= Vasilios Kokkinos =

President of the Supreme Court of Greece from 1990 to 1996

Vasileios A. Kokkinos (1929 – 19 February 2019) was a Greek high-ranking judge who served as President of the Supreme Civil and Criminal Court of Greece (Areios Pagos) from 1990 to 1996.

==Life and career==
He was born in 1929 in Atalanti. He studied at the Law School of the University of Athens and entered the judicial branch in 1956 through a competition. Previously, he served his military service in the Directorate of Naval Justice of the General Staff of the Navy from October 1952 to January 1956.

He was promoted in 1969 to the rank of President of the Court of First Instance, in 1973 to the rank of Appellate Judge, and in 1979 to the rank of Areopagite (Supreme Court Judge). His promotion from Appellate Judge to Areopagite was by absolute choice, meaning he did not first pass through the rank of President of the Court of Appeals. From 1977 to 1979, as an Appellate Judge, he served as Head of the Athens Court of First Instance.

In parallel with his judicial duties, from July 1974 to May 1975, he served as Mayor of the city of Nafplio, appointed by the government of national unity, following the fall of the junta in the summer of 1974 and until the first free municipal elections were held in April 1975.

In July 1990, the Cabinet of the government of Mitsotakis chose Kokkinos as President of the Supreme Court (Areios Pagos), bypassing all the vice-presidents and many Areopagites of the seniority list, a move that was considered unfortunate and unethical. Kokkinos remained President of the Supreme Court until 1996, and he was also President of the Special Court during the trial of the Bank of Crete case in 1991. Among his closest collaborators as President of the Supreme Court was Vice-President (and Head of Inspection) Sokratis Sokratidis, known for his conflicts with Andreas Papandreou since the 1960s and the ASPIDA affair.

In the Special Court, Kokkinos voted for the conviction of Andreas Papandreou on all three charges he faced, but Papandreou was ultimately acquitted on all three counts (one with a vote of 7-6). Kokkinos himself drafted the minority opinion that sought the conviction of the former Prime Minister. The majority opinion, which acquitted Andreas Papandreou, was drafted by Areopagites Prodromos Asimiadis and Vasileios Lampridis.

==Disputes==
Kokkinos was known for his conflicts with PASOK MP and Minister Evangelos Yannopoulos. Their feud began in 1977-1979 when Kokkinos, as an Appellate Judge, was Head of the Athens Court of First Instance and Yannopoulos was President of the Athens Bar Association. The peak of their conflict came in 1991-1992 when Yannopoulos, through his television programs on Channel 29, harshly criticized Kokkinos' handling of the Special Court. In the period 1996-2000, the conflict continued, with the retired Kokkinos criticizing Yannopoulos' policies as Minister of Justice in newspaper articles. Yannopoulos responded with his own articles about Kokkinos' conduct in the field of Justice.

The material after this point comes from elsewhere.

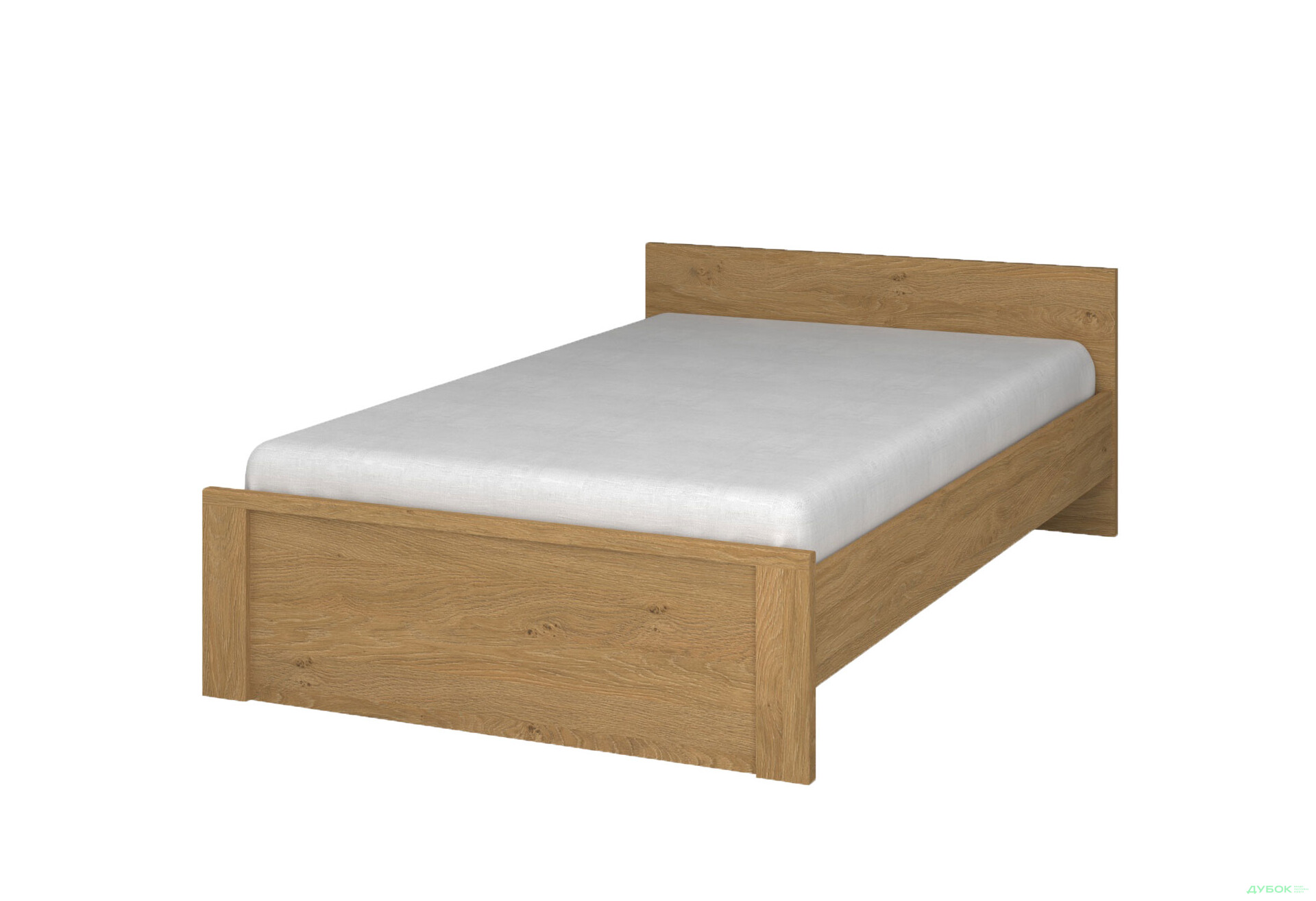 Ліжко VMV holding Паві / Pavi (без вкладу) 120х200 см, Дуб Кам'яний - Зображення 3 Зображення 3 - Ліжко VMV holding Паві / Pavi (без вкладу) 120х200 см, Дуб Кам'яний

Besides Yannopoulos, Kokkinos had public disputes with his colleague, judge Stefanos Matthias, who succeeded him as President of the Supreme Court. In an article, Matthias argued that "it is unacceptable in the 21st century for Greek Justice to be under ecclesiastical guardianship" and criticized practices such as holding blessings at the beginning of the judicial year or involving priests in judicial body events. Kokkinos accused Matthias of being perjurious for these views.

He also took legal action against Spyros Karatzaféris for a series of articles in the newspapers Epikairoti and 48 Hours about him regarding his sexual orientation and alleged bribery. For these, Karatzaféris was sentenced on 31 July 1991, to 4 years and 10 months in prison with a suspended sentence for contempt of court, defamation, and forgery. On appeal, the sentence was not suspended, and thus Karatzaféris faced imprisonment. He eventually fled to Cyprus, where he hosted a daily radio show titled “Good Morning Mr. Kokkinos,” which aired in Greece on the radio station “Oh FM.” He returned to Greece when he was acquitted by the Areios Pagos.

==Death==
Kokkinos died at the age of 90 on 19 February 2019.